» **Goal of the exercise**
The answer should consist of the full listing below, repeated exactly and free of pictures.

» **Given material**
• • • •
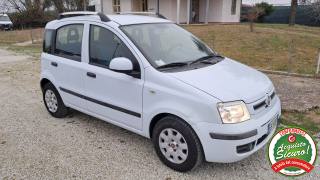 FIAT Panda usata 13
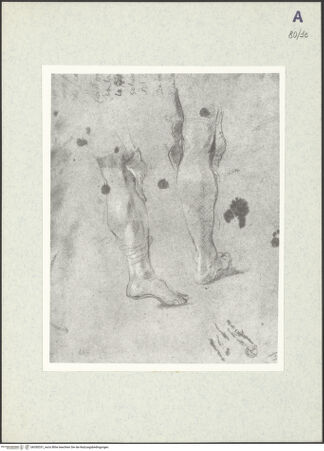 Vorderseite von bh350331_recto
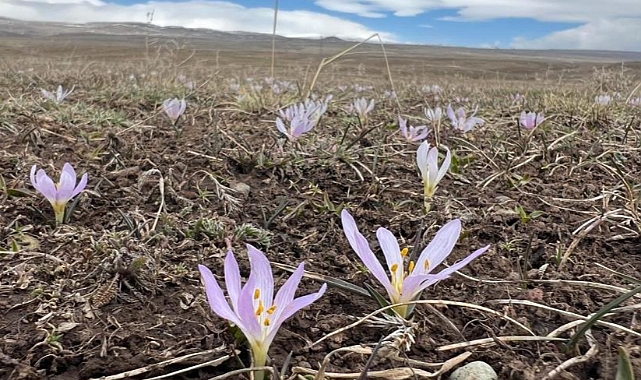 Arpaçay'da kardelenler çiçek açtı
• • • •
» **Solution to this task**
 FIAT Panda usata 13
 Vorderseite von bh350331_recto
 Arpaçay'da kardelenler çiçek açtı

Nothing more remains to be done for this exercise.